Chiedo scusa, così è a mio modesto parere, e così dico, anche a costo di risultare voce spuria e nota stonata, rispetto al coro universale d’irriducibili romantici, festaioli e gaudenti senza età e confini. E però, ardisco pensare che si trovi con me d’accordo lo stesso Valentino protettore di Terni, che ci si ostina a festeggiare in senso e con spirito meramente laico, alla stregua di una delle ricorrenze più solenni dell’anno. Quando, poi, fra le righe, nei gesti e nei fatti, c’è tutto, meno che un solo barlume di fede religiosa e devozione.
A farla da padrone, in seno al rito, ovviamente la marea, anzi un autentico maremoto di consumi, feste, intrattenimenti, serate speciali, regali, dai più semplici come un fiore o una rosa, a quelli d’elite e costosi. Non si capisce, ad ogni modo, per quale ragione si debba parlare di “giorno degli innamorati”, laddove, a onor del vero, coloro che si amano, provano reciproca attrazione, non sanno vivere l’uno senza l’altro e viceversa, sono soliti celebrare normalmente, sia pure fra naturali alti e bassi, il loro stare insieme con piacere e trasporto e l’incomparabile felicità del rapporto, in ogni indistinta scansione del calendario.
Purtroppo, si avverte la sensazione che, attualmente, in seno alla società diffusa e prevalente, non esiste crisi che tenga, l’irrinunciabilità ai “veglioni” e alle “sagre” del godimento e dello “spendi e spandi”, sovente indirizzato in parte al superfluo, si pone come un dogma.

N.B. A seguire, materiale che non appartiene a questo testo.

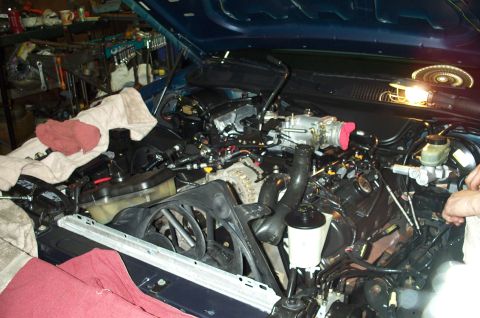 1998 Ford Crown Victoria - The engine bay of a 1998 Ford Crown Victoria is visible with the hood up, revealing various mechanical parts.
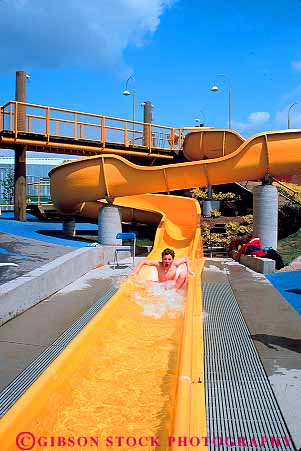Stock Photo #13726: keywords -  boys british canada child children columbia down dropping drops fall falling falls fun granville gravity island material outdoor park plastic play playing pool pools recreation slide slides splash splashes splashing summer swim swimming synthetic thrill thrilling thrills vancouver vert water waterslide waterslides yellow youth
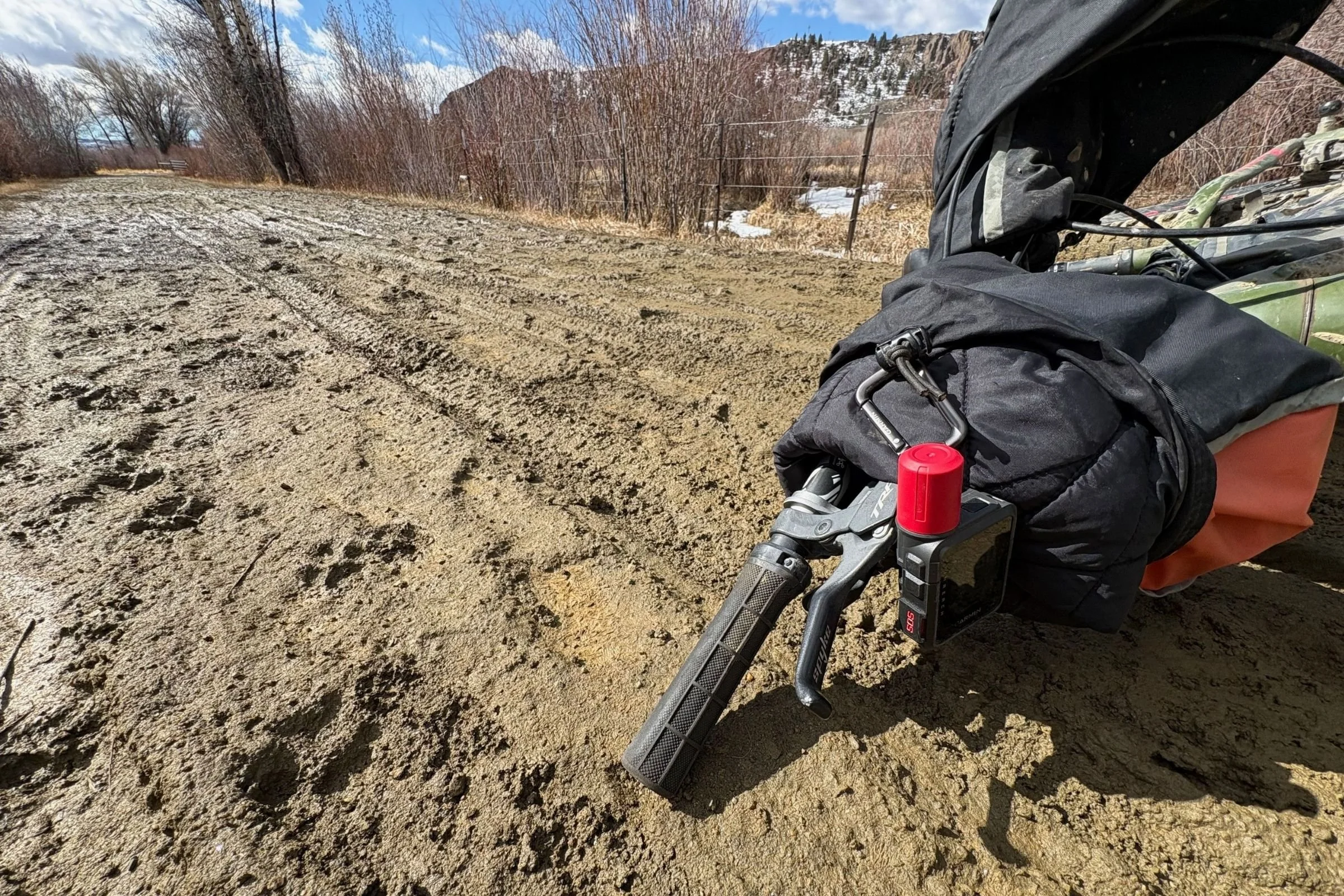 Testing the Garmin inReach Mini 3 Plus' weather proofing by attaching it to the front of a fat bike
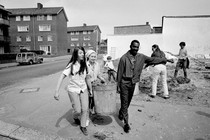 Image of two young women and one young man carrying a trash can together down a neighborhood sidewalk.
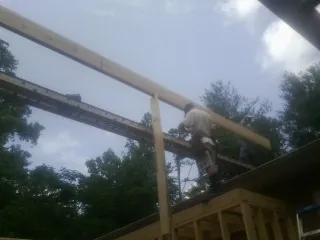 Carpenter setting a ridge beam over a new addition frame — Ice Dam Removal by Roofing Brothers in Rock Island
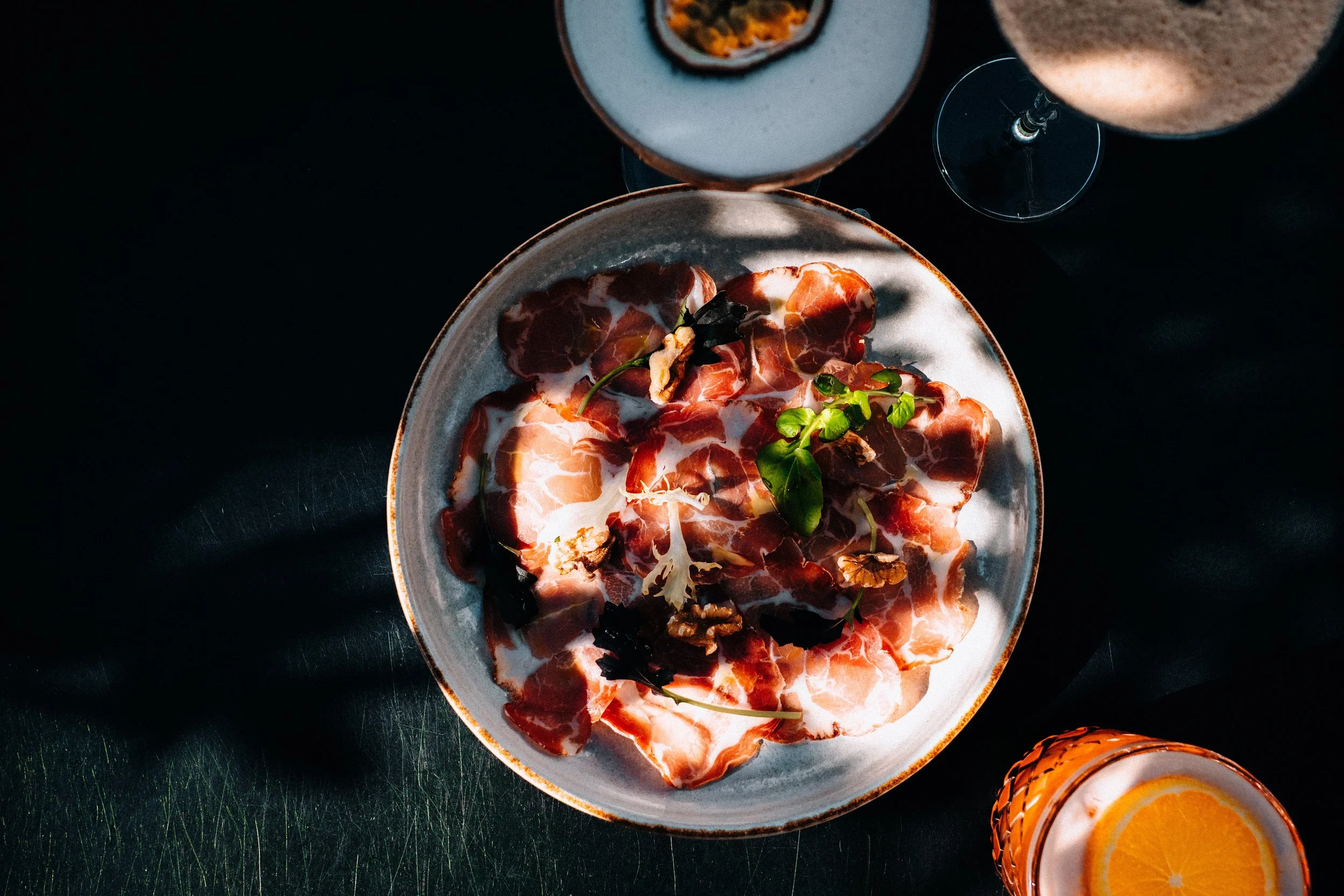 Een bijna lege kom met dun gesneden prosciutto, garnering met microgroen en noten, naast twee glazen met een drankje met ijs en een schijfje sinaasappel, op een zwarte tafel. pornstar martini horeca fotografie Arnhem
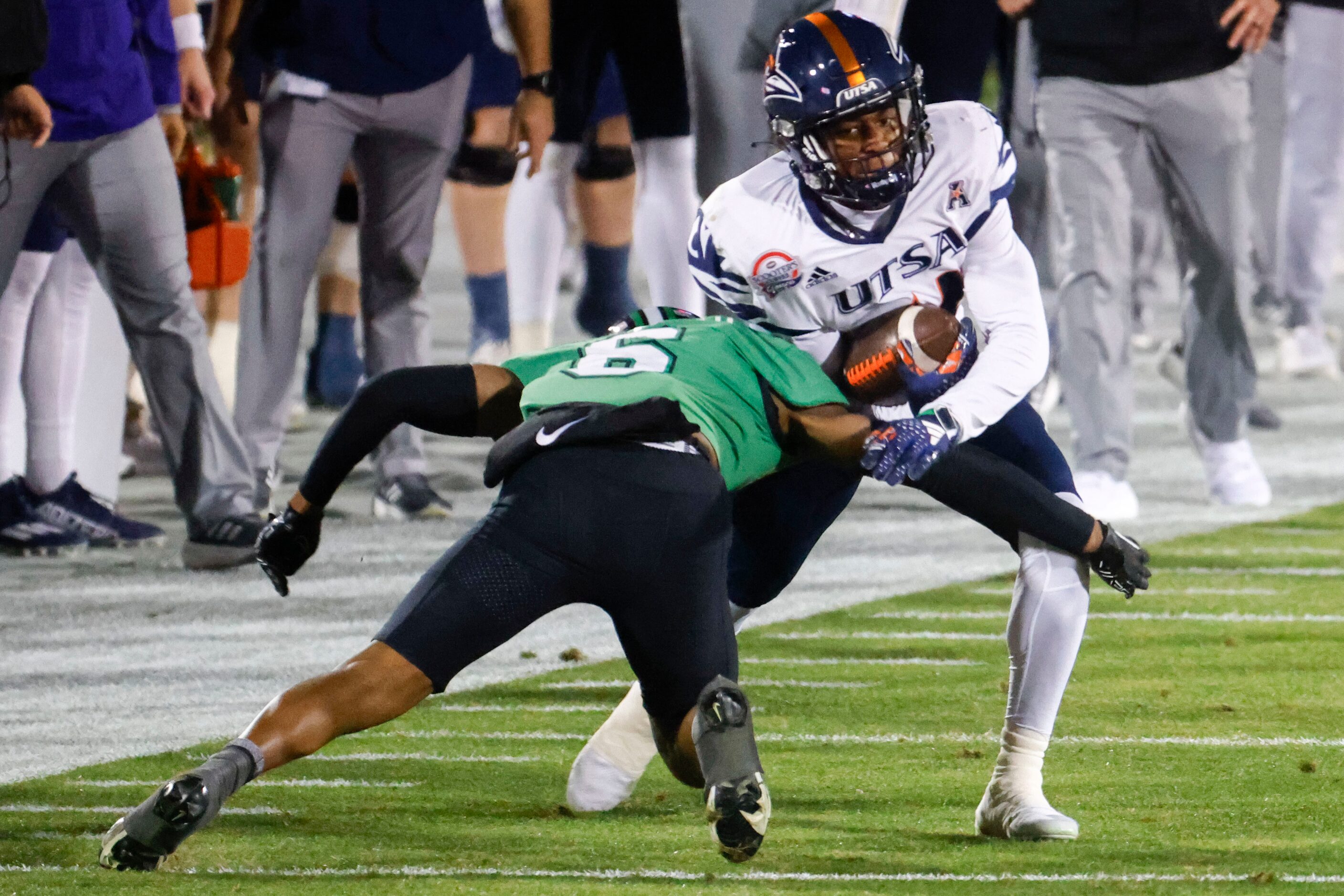 Marshall defensive back Micah Abraham (front) tackles UTSA wide receiver Devin McCuin as he...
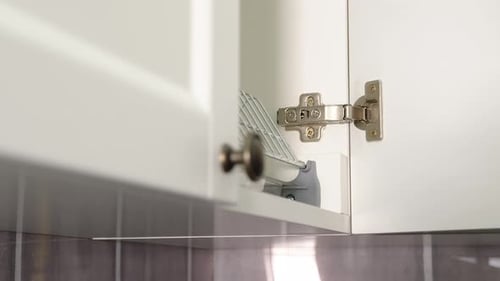 A Man Opens an Empty Kitchen Cupboard for Storing Dishes. Empty Cupboard in the Kitchen.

Ho sentito parlare di consumi finalizzati e dedicati dell’ordine di circa 1500 milioni, risorse inequivocabilmente ingenti, pari, addirittura, a quelle con cui la popolazione di due o tre Stati africani poveri messi insieme deve riuscire a campare un intero anno. Insomma, altro che San Valentino, sull’altare delle abitudini e delle coscienze sembrano venerarsi miti, idoli e andazzi, di assai diverso genere.